RECORDS SUPPLIED: Begin

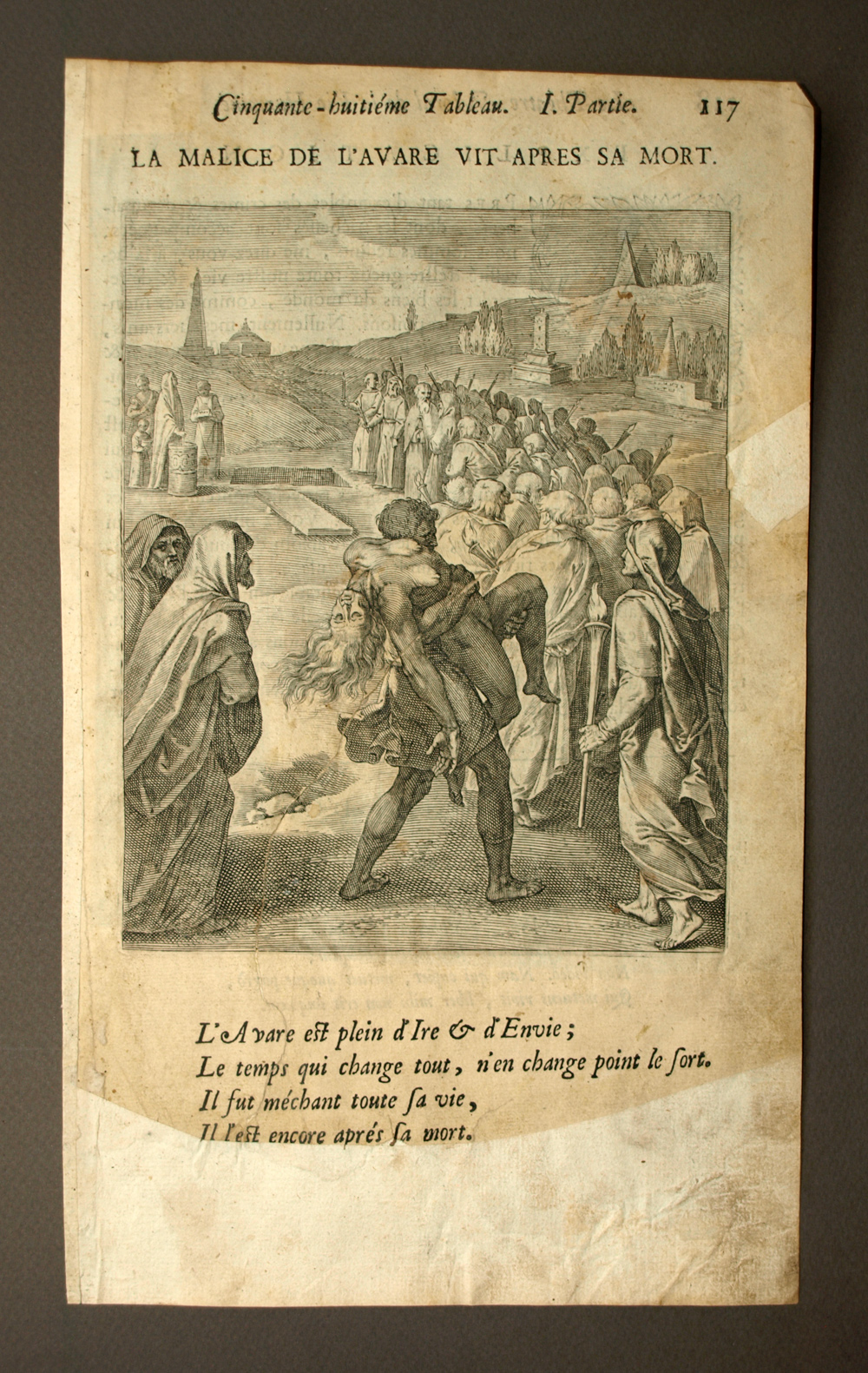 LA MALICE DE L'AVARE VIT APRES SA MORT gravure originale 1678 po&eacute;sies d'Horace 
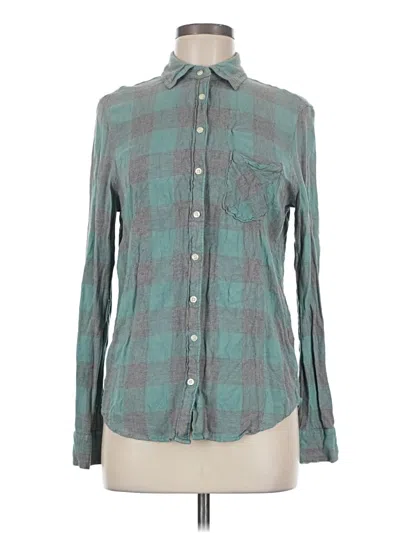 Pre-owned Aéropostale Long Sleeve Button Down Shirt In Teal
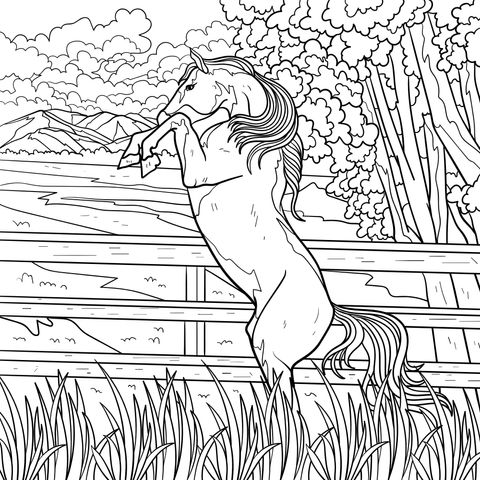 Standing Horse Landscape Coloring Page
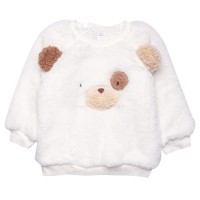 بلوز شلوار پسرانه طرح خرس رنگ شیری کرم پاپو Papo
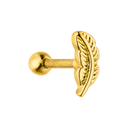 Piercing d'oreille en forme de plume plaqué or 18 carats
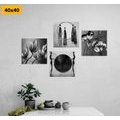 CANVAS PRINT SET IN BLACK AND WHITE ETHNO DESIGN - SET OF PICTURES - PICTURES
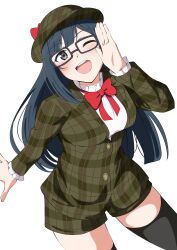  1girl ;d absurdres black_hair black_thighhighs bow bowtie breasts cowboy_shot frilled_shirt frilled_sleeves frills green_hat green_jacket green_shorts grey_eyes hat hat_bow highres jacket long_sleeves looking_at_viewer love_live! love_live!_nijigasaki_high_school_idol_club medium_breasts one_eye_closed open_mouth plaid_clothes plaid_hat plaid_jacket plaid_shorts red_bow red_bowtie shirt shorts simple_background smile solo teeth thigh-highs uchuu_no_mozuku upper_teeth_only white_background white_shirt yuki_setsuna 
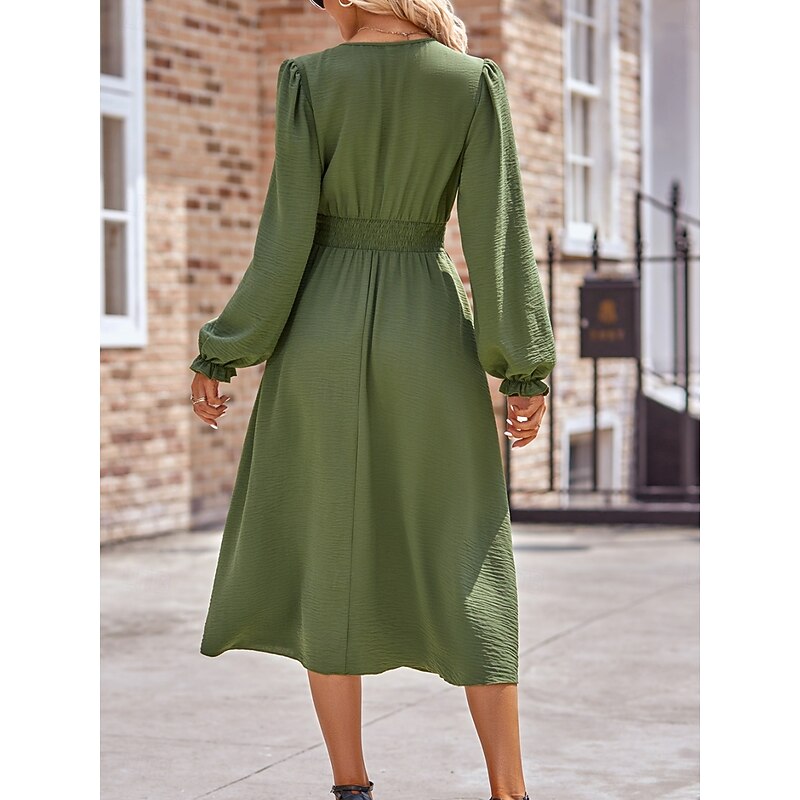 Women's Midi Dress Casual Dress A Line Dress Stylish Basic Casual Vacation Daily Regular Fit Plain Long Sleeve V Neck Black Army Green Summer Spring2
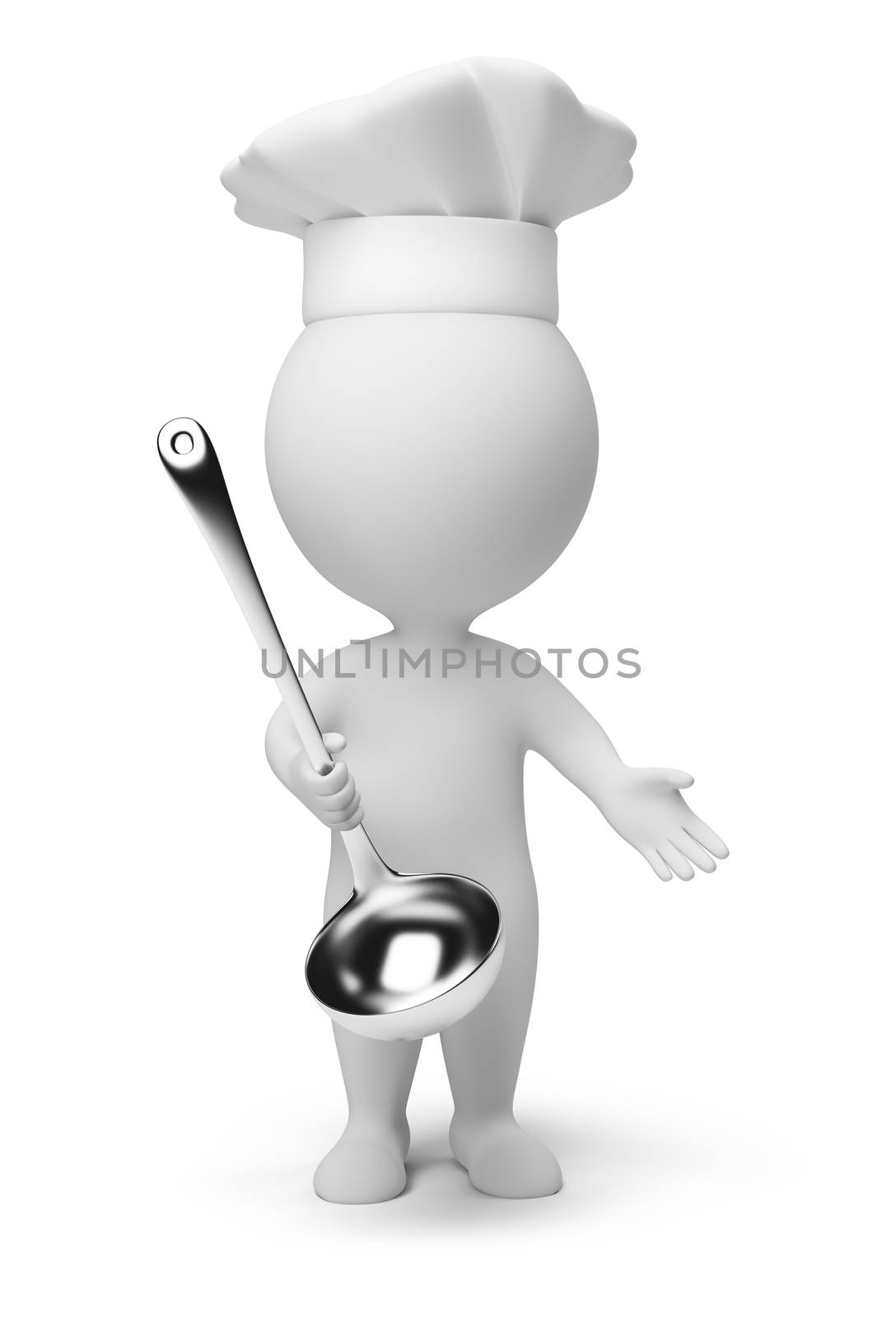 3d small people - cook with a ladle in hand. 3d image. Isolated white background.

RECORDS SUPPLIED: End

The records above should be retyped in full and exactly; omit the pictures.

SOLUTION TO THE PROBLEM |
 LA MALICE DE L'AVARE VIT APRES SA MORT gravure originale 1678 po&eacute;sies d'Horace 
 Pre-owned Aéropostale Long Sleeve Button Down Shirt In Teal
 Standing Horse Landscape Coloring Page
 بلوز شلوار پسرانه طرح خرس رنگ شیری کرم پاپو Papo
 Piercing d'oreille en forme de plume plaqué or 18 carats
 CANVAS PRINT SET IN BLACK AND WHITE ETHNO DESIGN - SET OF PICTURES - PICTURES
  1girl ;d absurdres black_hair black_thighhighs bow bowtie breasts cowboy_shot frilled_shirt frilled_sleeves frills green_hat green_jacket green_shorts grey_eyes hat hat_bow highres jacket long_sleeves looking_at_viewer love_live! love_live!_nijigasaki_high_school_idol_club medium_breasts one_eye_closed open_mouth plaid_clothes plaid_hat plaid_jacket plaid_shorts red_bow red_bowtie shirt shorts simple_background smile solo teeth thigh-highs uchuu_no_mozuku upper_teeth_only white_background white_shirt yuki_setsuna 
 Women's Midi Dress Casual Dress A Line Dress Stylish Basic Casual Vacation Daily Regular Fit Plain Long Sleeve V Neck Black Army Green Summer Spring2
 3d small people - cook with a ladle in hand. 3d image. Isolated white background.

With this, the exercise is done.